It’s an exciting time for metabolic dysfunction-associated steatotic liver disease (MASLD). It’s one of the key drivers of end-stage liver disease. These patients develop cirrhosis, decompensation, and cancer. While not all patients progress that far, we have a very high prevalence of metabolic liver disease, formerly known as fatty liver, and a subgroup develop severe liver disease.
In my presentation, I revisited the available data on incretins. This class of drugs stimulates GLP-1 and sometimes other receptors, such as glucagon and gastric inhibitory polypeptide, producing beneficial effects on the liver. They are typically used in diabetes and obesity and show robust effects, but based on the combination of receptors they target, there can also be liver-specific benefits.

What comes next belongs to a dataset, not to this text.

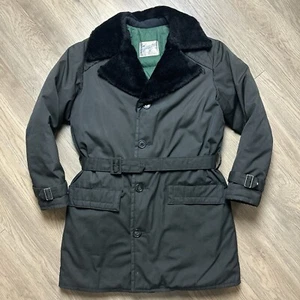 Vtg 60s Goose Down Coat Ski Faux Fur Collar Belted Jacket S Sportcaster Seattle - Picture 1 of 9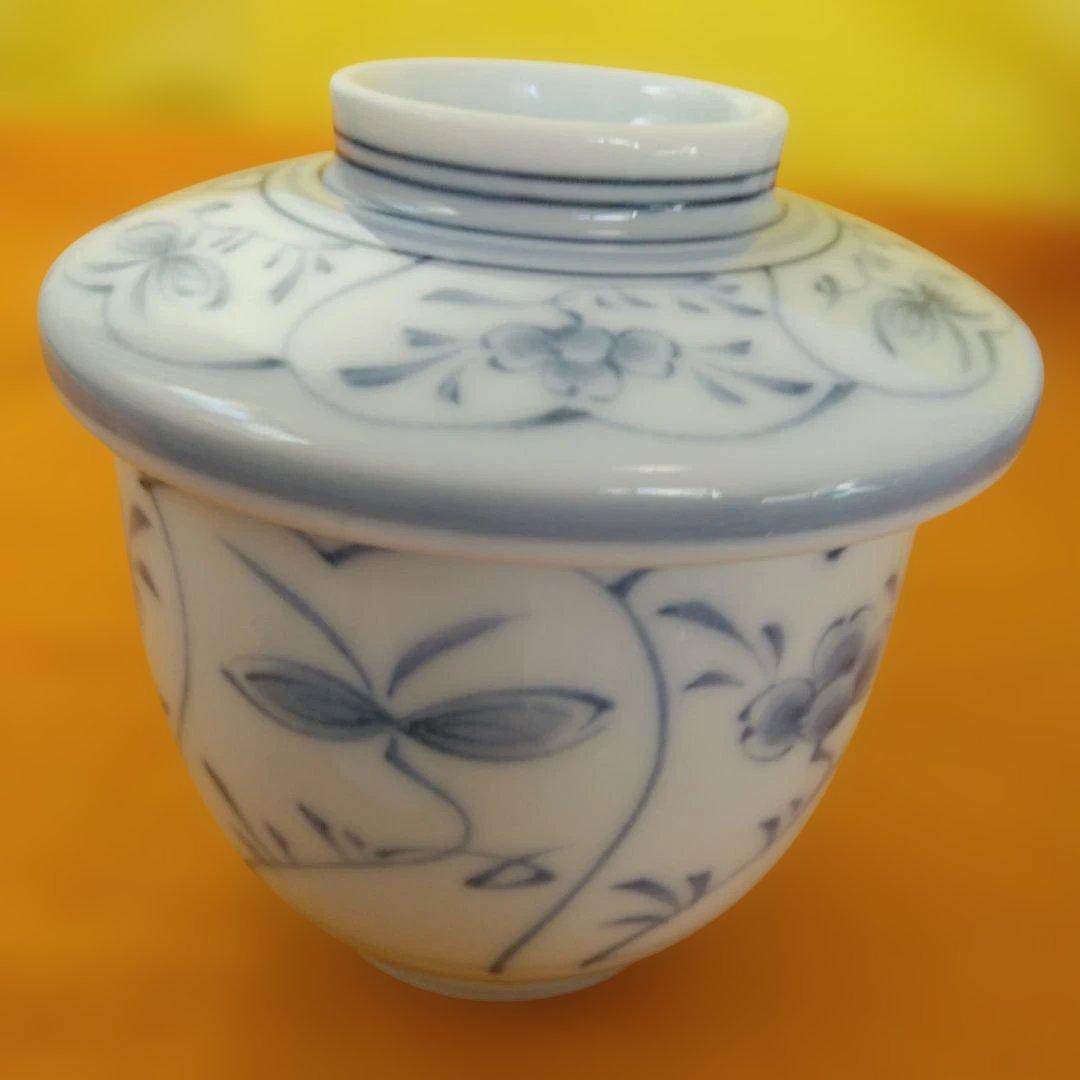 有田焼　光峰釜　白磁藍色草花手描き茶碗蒸し器　18個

The biggest trial we’ve seen is the ESSENCE trial, which explored the effect of semaglutide at the obesity dose (2.4 mg) on improving liver histology. After 72 weeks of treatment, inflammation in the liver resolved, and fibrosis improved. These are very encouraging data. These patients typically lose around 10% of their body weight, slightly less than in obesity trials, but still significant. There’s no GLP-1 receptor in the liver, so the benefits likely come from metabolic improvement and weight loss.
There are also drugs that target both GLP-1 and glucagon receptors. Glucagon receptors are found directly on liver cells. For example, survodutide, currently in Phase III trials, and pemvidutide, another dual agonist, have shown improved liver histology in published Phase II studies. These drugs are now being tested for outcomes beyond histology, such as clinical endpoints.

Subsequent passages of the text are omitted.